To find the radius of the plane's loop, we can use the centripetal force formula:
Centripetal Force = (mass) x (centripetal acceleration)
In this case, the pilot experiences a sensation of weightlessness at the top of the loop, which means the net force acting on her is zero. Therefore, the centripetal force acting on her must be equal to her weight:
Centripetal Force = Weight = (mass) x (gravity)
Substituting values:
(mass) x (centripetal acceleration) = (mass) x (gravity)
Since the mass cancels out, we can use the following equation to find the centripetal acceleration:
Centripetal acceleration = gravity
(a) Now, we can find the radius of the plane's loop using the formula for centripetal acceleration:
Centripetal acceleration = (velocity²) / (radius)

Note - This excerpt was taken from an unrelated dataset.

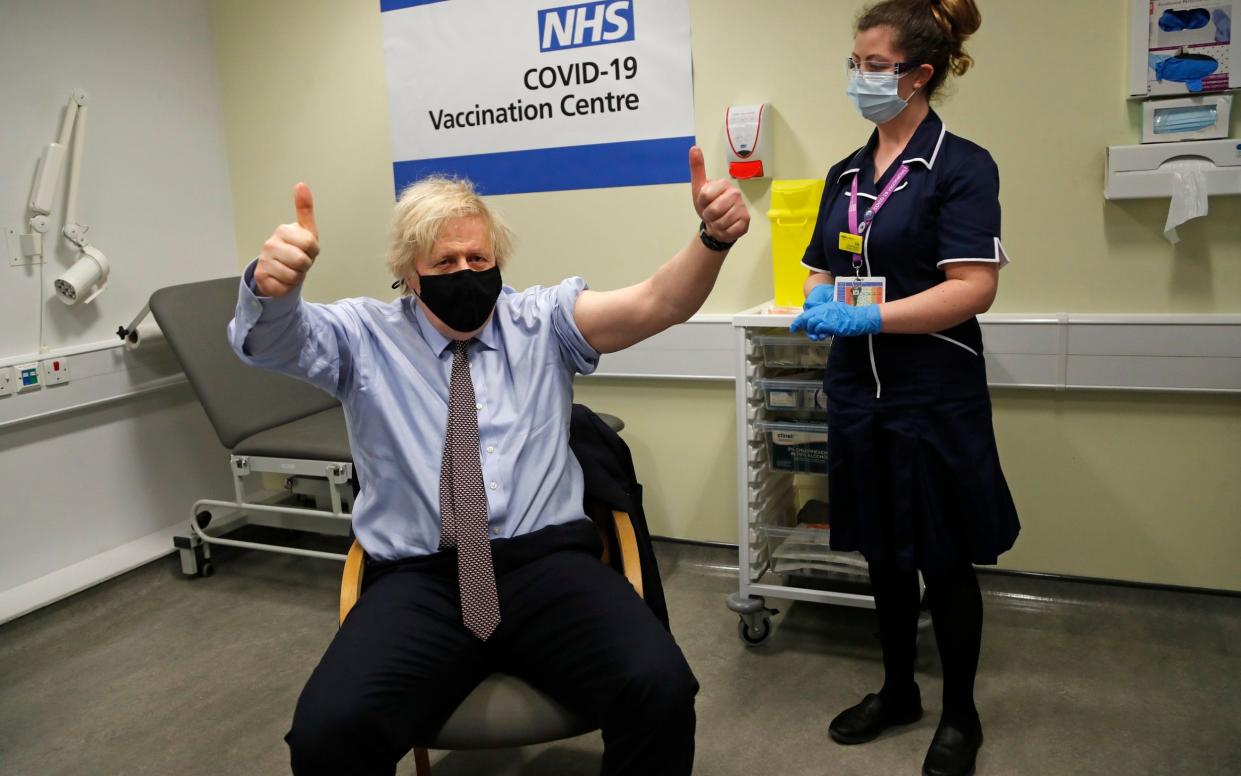 Boris Johnson receives the first dose of the AstraZeneca vaccine - Frank Augstein/AP POOL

Since the velocity is given as 120 m/s and the centripetal acceleration is equal to gravity, we can rewrite the equation as:
gravity = (120 m/s)² / (radius)
To find the radius, rearrange the equation:
radius = (120 m/s)² / gravity
To solve the problem, we need to know the value of gravity. Assuming we are on Earth, the value of gravity is approximately 9.8 m/s².
Substituting the value of gravity:
radius = (120 m/s)² / 9.8 m/s²
Simplifying the equation, we have:
radius = 146.939 m
So, the radius of the plane's loop is approximately 146.939 meters.
(b) Since the centripetal acceleration is equal to gravity, the centripetal acceleration is 9.8 m/s².